What this task involves:
Write out the lines below exactly, beginning at the one with "Tutup Marching Festival" and stopping after the one with "El canciller de"; the pictures are not copied.

Materials provided:

# # # # # # #

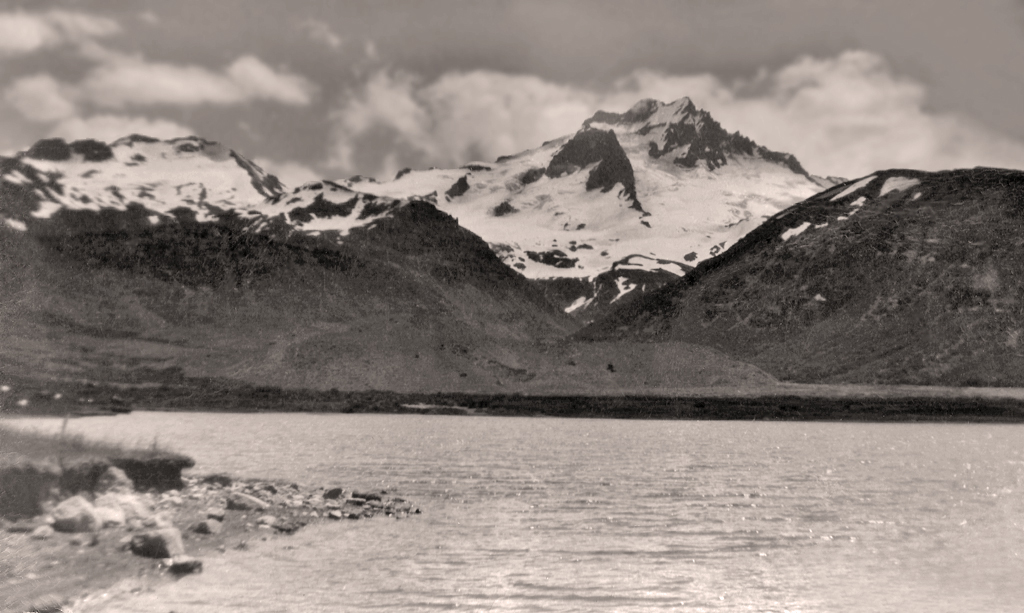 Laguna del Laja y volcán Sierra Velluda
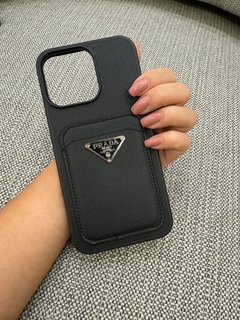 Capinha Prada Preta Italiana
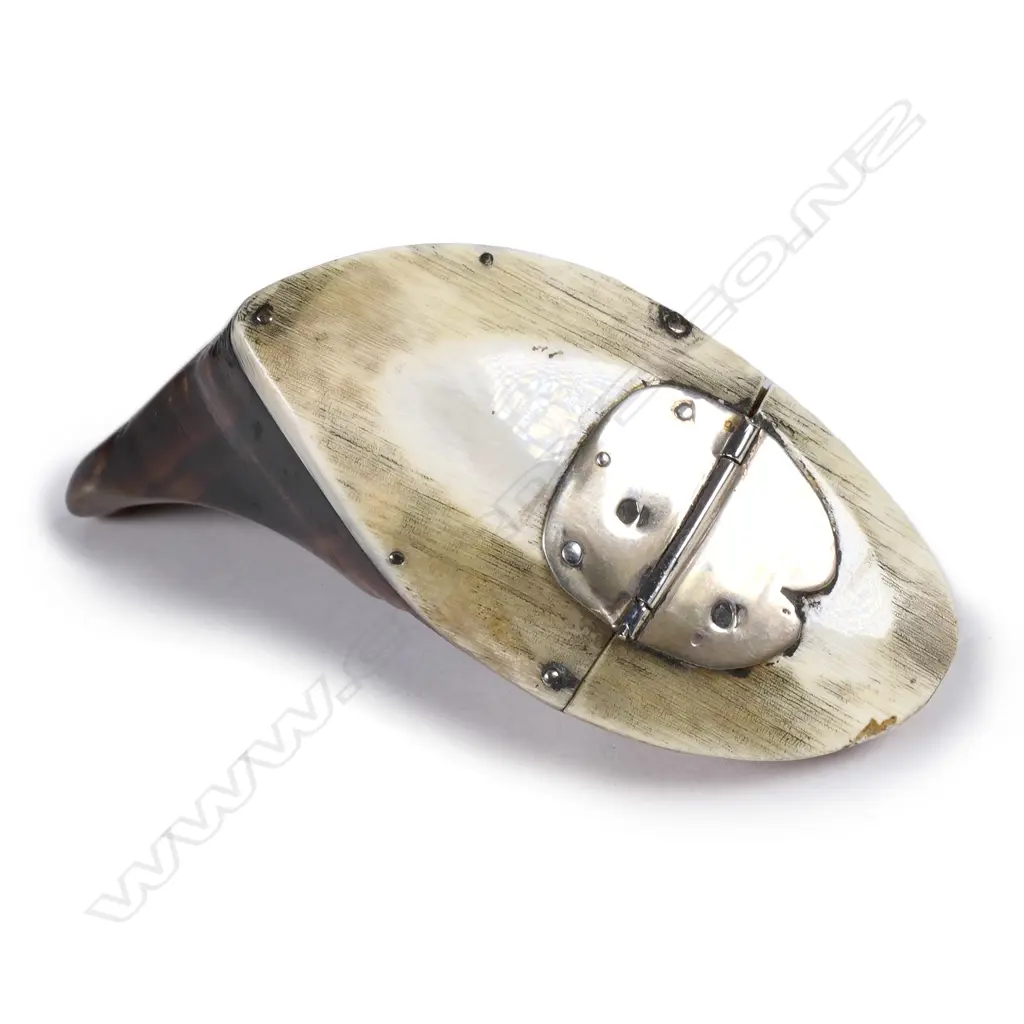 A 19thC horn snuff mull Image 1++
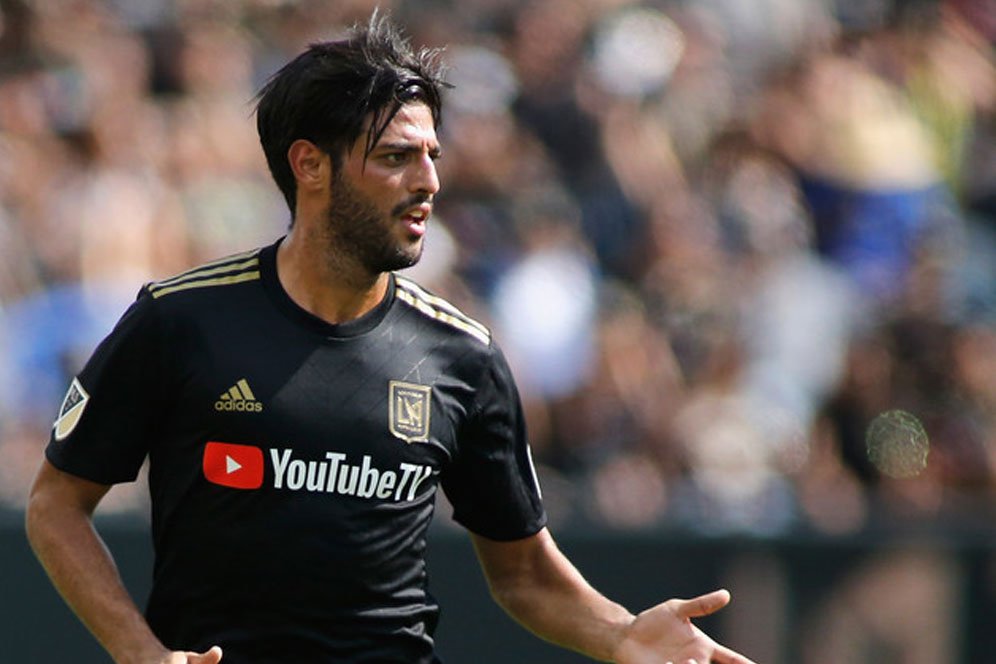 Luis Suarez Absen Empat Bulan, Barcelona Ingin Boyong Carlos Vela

# # # # # # #

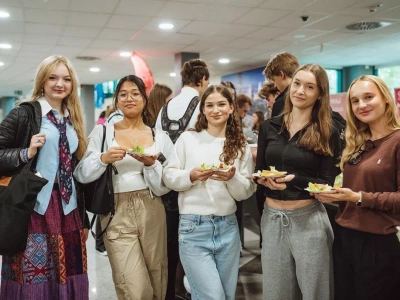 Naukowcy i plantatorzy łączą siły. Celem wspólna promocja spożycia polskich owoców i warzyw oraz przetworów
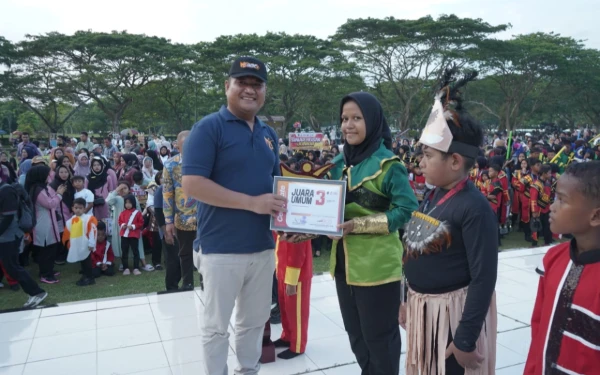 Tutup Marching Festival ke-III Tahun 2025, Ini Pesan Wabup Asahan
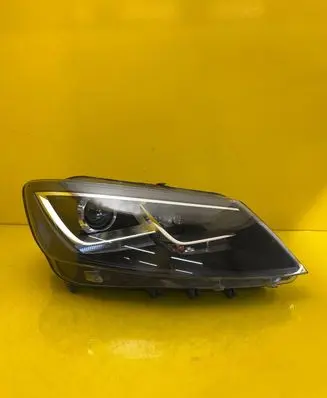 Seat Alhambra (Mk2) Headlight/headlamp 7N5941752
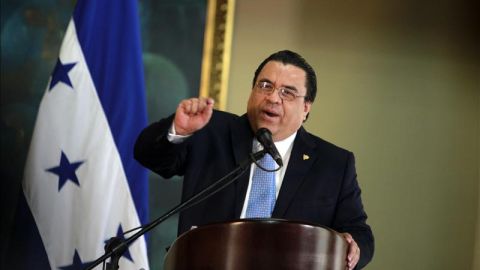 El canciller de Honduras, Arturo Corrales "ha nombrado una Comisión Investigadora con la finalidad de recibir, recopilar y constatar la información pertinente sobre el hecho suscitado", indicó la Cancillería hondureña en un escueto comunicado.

# # # # # # #

Result of the exercise:
 Tutup Marching Festival ke-III Tahun 2025, Ini Pesan Wabup Asahan
 Seat Alhambra (Mk2) Headlight/headlamp 7N5941752
 El canciller de Honduras, Arturo Corrales "ha nombrado una Comisión Investigadora con la finalidad de recibir, recopilar y constatar la información pertinente sobre el hecho suscitado", indicó la Cancillería hondureña en un escueto comunicado.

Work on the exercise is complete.